Awake at 3:00 am. Should’ve been 5. I’m anticipating the alarm to begin manipulating my circadian orientation. My body may be trying to outwit me today but by next Friday I hope to subjugate it. i’m trying out Timeshifter, a jetlag-avoidance app that claims to minimize the amount of time it takes me to function coherently on Eastern African Time (EAT), 9 hours ahead of Mountain Time (MT) where I live. Between now and Friday I’ll be doing bright light, whatever light, dark, coffee, and Melatonin laps. Though it’s a hassle, it may just be worth it. I hate jetlag.
In two days I fly out. Today and tomorrow I finish packing and make sure all the bills are paid, get a haircut, pedicure, and another 5 passport photos I’m told I should take just in case. On Monday, the day I leave for Uganda, I’m supposed to awake at 3 am again. It doesn’t sound like too much of a stretch from where I’m sitting now. But at 5:30 am with the fireplace blazing, all the lights on, and drinking stout coffee, I know better. I dislike fighting to stay awake in another time zone. Hell, I hate adjusting to Daylight Savings Time when I’m on Mountain Time.

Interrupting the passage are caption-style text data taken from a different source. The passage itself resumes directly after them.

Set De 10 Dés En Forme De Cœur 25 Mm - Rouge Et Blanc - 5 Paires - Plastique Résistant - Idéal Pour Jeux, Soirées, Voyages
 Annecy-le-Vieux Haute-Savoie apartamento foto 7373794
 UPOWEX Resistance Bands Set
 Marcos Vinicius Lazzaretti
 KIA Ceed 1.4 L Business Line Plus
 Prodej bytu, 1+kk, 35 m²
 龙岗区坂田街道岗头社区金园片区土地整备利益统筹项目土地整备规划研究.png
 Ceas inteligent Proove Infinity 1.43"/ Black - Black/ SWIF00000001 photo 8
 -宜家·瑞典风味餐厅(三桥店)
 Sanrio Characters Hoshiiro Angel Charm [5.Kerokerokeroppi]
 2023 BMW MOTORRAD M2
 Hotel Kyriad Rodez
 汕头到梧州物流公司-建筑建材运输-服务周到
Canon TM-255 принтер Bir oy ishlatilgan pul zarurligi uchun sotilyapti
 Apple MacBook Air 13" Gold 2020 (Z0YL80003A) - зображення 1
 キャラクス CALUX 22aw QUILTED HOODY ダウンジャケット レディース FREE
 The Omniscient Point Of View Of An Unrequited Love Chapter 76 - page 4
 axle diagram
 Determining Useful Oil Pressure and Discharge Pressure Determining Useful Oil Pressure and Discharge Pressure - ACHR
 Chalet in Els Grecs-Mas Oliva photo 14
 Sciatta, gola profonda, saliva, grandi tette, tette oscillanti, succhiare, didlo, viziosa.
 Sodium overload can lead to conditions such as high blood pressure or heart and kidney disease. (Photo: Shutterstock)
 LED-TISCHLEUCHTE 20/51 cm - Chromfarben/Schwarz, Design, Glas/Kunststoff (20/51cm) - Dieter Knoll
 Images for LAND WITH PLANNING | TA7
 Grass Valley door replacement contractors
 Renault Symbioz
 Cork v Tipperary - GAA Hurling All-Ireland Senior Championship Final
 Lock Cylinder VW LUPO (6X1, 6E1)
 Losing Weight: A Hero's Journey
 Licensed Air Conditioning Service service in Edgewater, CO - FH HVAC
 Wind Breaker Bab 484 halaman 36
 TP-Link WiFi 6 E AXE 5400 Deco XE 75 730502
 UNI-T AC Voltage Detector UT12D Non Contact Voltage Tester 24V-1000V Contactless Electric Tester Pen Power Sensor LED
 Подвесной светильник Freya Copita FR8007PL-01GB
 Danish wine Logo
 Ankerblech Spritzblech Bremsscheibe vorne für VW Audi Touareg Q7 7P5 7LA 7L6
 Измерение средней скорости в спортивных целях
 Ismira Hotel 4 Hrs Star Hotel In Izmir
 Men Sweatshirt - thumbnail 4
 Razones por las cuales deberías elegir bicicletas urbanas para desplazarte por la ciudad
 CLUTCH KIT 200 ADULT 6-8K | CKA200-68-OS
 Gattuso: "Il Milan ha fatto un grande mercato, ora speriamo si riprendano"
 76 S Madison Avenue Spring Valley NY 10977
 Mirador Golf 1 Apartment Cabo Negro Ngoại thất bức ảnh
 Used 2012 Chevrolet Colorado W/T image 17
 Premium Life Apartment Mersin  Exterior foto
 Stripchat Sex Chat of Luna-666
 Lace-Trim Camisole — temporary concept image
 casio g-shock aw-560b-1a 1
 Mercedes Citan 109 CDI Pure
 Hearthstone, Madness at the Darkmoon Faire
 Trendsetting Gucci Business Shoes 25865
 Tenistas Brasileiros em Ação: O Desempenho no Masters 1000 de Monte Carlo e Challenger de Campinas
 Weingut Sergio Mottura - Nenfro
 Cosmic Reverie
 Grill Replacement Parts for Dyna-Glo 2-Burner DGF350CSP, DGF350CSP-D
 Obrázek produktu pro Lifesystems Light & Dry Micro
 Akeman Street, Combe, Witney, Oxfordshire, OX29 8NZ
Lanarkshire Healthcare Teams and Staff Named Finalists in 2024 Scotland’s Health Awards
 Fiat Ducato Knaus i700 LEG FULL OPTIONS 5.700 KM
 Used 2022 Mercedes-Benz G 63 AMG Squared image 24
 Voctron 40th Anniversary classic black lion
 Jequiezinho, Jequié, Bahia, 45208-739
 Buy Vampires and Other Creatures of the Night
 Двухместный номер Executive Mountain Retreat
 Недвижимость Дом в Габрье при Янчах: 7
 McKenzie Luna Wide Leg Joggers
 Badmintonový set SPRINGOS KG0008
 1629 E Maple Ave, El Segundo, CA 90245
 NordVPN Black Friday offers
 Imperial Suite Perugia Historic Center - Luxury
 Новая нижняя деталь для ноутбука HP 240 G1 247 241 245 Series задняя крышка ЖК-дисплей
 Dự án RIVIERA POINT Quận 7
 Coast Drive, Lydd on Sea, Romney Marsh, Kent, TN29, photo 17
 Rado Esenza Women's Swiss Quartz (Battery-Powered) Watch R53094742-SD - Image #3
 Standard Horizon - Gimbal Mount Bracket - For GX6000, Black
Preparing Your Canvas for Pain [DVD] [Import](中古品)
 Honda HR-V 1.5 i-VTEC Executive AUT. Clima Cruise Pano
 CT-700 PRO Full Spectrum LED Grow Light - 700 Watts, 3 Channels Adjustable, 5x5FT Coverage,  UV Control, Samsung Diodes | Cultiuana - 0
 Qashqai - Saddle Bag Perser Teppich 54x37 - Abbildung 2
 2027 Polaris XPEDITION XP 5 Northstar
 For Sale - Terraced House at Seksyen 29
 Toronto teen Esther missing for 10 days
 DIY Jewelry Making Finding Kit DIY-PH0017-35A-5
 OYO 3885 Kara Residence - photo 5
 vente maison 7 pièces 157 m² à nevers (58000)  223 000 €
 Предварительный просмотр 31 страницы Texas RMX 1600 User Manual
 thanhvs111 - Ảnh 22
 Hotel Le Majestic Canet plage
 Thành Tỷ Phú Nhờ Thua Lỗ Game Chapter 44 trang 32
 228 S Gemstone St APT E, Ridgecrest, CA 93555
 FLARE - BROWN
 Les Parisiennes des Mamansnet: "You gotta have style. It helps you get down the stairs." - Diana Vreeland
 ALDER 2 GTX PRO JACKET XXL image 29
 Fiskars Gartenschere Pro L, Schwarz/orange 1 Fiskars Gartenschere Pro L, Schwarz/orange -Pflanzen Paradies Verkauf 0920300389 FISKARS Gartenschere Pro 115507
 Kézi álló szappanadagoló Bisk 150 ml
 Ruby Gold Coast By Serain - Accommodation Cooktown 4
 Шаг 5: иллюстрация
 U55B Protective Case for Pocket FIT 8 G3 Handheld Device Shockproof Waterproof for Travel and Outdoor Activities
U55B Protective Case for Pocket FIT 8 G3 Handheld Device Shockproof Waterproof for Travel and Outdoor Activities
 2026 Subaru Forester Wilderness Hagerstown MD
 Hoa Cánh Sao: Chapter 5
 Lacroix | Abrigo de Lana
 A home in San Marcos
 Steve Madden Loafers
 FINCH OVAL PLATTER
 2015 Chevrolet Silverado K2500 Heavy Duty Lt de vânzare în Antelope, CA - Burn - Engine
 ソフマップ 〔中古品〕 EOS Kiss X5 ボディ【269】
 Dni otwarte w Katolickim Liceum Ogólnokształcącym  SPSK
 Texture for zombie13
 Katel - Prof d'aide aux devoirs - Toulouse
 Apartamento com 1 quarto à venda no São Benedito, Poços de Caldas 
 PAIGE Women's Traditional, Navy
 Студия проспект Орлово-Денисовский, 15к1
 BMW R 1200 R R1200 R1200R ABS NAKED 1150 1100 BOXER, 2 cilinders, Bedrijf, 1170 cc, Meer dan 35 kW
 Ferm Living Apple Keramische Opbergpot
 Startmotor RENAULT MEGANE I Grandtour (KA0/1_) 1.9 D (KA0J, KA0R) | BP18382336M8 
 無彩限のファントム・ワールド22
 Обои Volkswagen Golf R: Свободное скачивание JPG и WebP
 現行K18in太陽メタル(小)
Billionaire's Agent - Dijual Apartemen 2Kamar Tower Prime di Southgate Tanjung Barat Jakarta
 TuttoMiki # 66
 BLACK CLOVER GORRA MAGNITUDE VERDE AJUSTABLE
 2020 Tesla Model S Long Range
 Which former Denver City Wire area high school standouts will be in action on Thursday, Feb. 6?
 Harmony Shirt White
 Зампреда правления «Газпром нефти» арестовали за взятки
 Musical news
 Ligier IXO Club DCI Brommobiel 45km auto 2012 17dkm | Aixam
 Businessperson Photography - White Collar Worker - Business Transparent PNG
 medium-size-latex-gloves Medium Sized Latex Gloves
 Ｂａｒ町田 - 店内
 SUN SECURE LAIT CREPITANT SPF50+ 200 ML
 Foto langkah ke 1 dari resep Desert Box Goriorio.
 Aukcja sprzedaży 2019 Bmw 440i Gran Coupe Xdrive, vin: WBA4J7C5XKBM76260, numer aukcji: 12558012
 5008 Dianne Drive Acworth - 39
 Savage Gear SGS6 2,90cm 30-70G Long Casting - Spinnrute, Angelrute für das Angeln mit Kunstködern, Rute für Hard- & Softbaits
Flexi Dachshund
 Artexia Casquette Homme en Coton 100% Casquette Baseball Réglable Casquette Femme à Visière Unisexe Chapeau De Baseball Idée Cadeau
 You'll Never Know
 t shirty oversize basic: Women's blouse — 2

When I awoke this morning I still had another hour and a half of darkness to go before what I’m calling “see bright light, drink coffee” time on the alarm on my phone. So I put on dark glasses and sat in my chair. I couldn’t browse my phone or expose myself to any form of blue light emitted by electronics, so my eyes were shut. I focused on the velvety night under my eyelids and told myself imperiously, “you’d better get used to sitting with yourself in the dark.”
The next two weeks in Uganda will be a marathon, not a sprint. It’s a distance race that I am determined to complete. I’ve been researching everything about this trip: the organization and people with whom I’m traveling, what to see, eat, and do during a day and a half stopover in Qatar, the culture, politics, and history of Uganda, the universities we’ll visit, the Changemaker farmers we’ll get to know, and the officials we’ll meet (the US Ambassador, the Ugandan Minister of Agriculture, and others). So today I’ll run errands and for the next few days seek after light and dark to make the shift. I don’t want to miss a thing.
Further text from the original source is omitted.